RaDonda Vaught, a former Vanderbilt nurse who faces criminal charges in the accidental death of a patient, was scapegoated by the prestigious hospital to cover up “systemic errors” and “protect its brand,” her attorney said Thursday in Vaught’s first-ever public defense.
Attorney Peter Strianse said Vaught was “devastated” by the “tragic mistake” she made by giving the patient the wrong drug in 2017. But he also argued the error was made possible by flawed procedures at Vanderbilt, which permitted nurses to routinely override medication safeguards.
Vanderbilt scapegoated RaDonda Vaught for ‘systemic errors,’ attorney says (tennessean.com)
So, your contention is that your client is not guilty because the hospital system allowed her, a trained professional in the medical arts, to purposely ignore basic safety procedures which ended up in giving a patient the wrong medication that led to his her death?
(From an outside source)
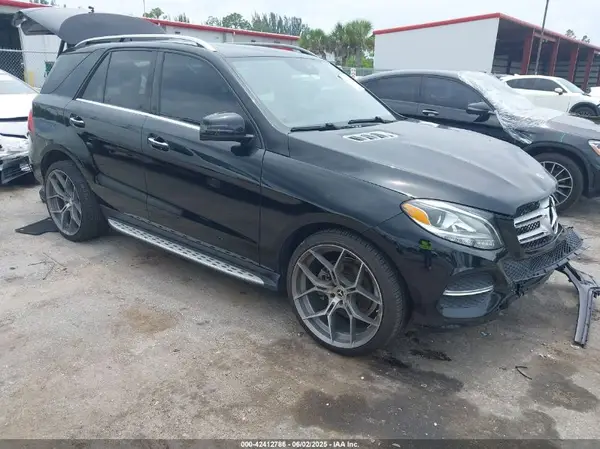 4JGDA5JB5HA962825 2017 MERCEDES-BENZ GLE - Image 1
Did you just admit your client is guilty as hell?
I need more coffee.
UPDATE: Just saw this one.
RaDonda Vaught, a former Vanderbilt nurse criminally indicted for accidentally killing a patient with a medication error in 2017, was stripped of her license by the Tennessee Board of Nursing on Friday at a contentious and at times tearful medical discipline hearing.
Ex-Vanderbilt nurse Radonda Vaught loses license for fatal error (tennessean.com)
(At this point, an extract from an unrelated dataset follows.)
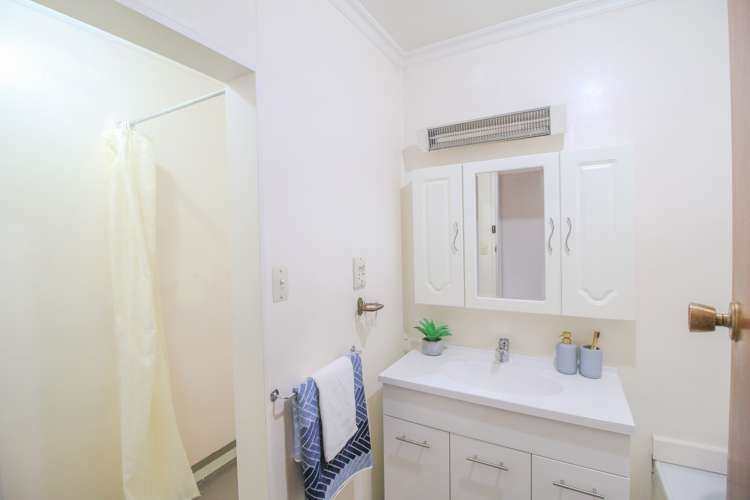 8b Charles Street Grasmere_16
here is another story on this, if you are blocked by the Tenesseean:
https://www.newschannel5.com/news/board-votes-to-revoke-former-vanderbil-nurses-license-for-deadly-error
Murphey died when she was given the paralytic drug Vecuronium Bromide rather than the sedative Versed.
Vaught got the medication from an Accudose machine. According to a TBI report, when she went to pull the medication Versed for the patient. It wasn’t pulling up in the machine; so she said she overrode the system and typed “VE” to search it and selected the first medication to pop up on the list, which was Vecuronium Bromide.
Versed or Vecuronium? What’s the difference? They both begin with VE.
I read in detail and this is the sort of crap that drives IT folks crazy and you won’t like my opinion at all. Yep there were procedures. But the system was “too slow” so there were also ways to bypass the procedures that would have provided the checkpoints. And the bypasses were embedded as “institutional knowledge” AKA “everybody does it”. This is why the hospital did not go after her in the first place, this is why the hospital settled with the family. Because this was a human failure but it was also systemic. She only got prosecuted AFTER this became public. When your system is rigged to bypass safety procedures accidents will occur it’s just going to take time. Sure her license should be stripped but the hospital gets a crapton of malpractice blame for letting that rig go in the first place. Like when my friend got killed when the scissor lift fell. Yes he was driving it but the entire crew had been trying and trying and trying to get that thing pulled from the convention floor because it was unsafe.